_The problem_:
Print out every line of the material exactly. Include no pictures.

_Given material_:
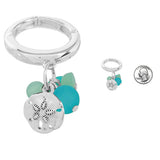 88707, SAND DOLLAR WITH ACRYLIC CHARM STRETCH RING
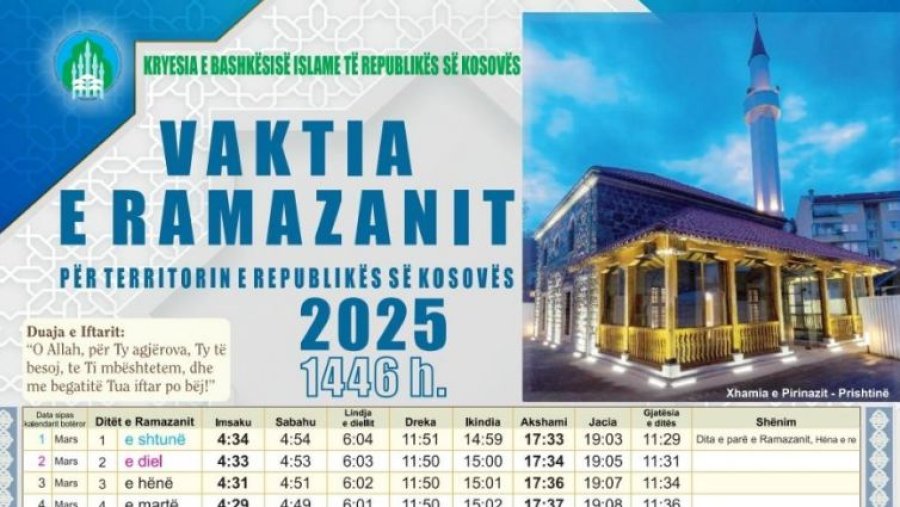 Kjo është vaktia e Ramazanit për vitin 2025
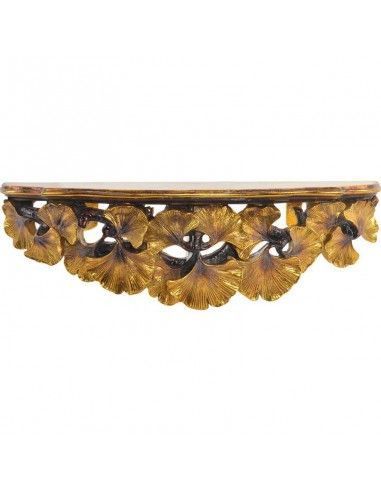 MENSULA RESINA HOJAS ORO 14x46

_Reply_:
 88707, SAND DOLLAR WITH ACRYLIC CHARM STRETCH RING
 Kjo është vaktia e Ramazanit për vitin 2025
 MENSULA RESINA HOJAS ORO 14x46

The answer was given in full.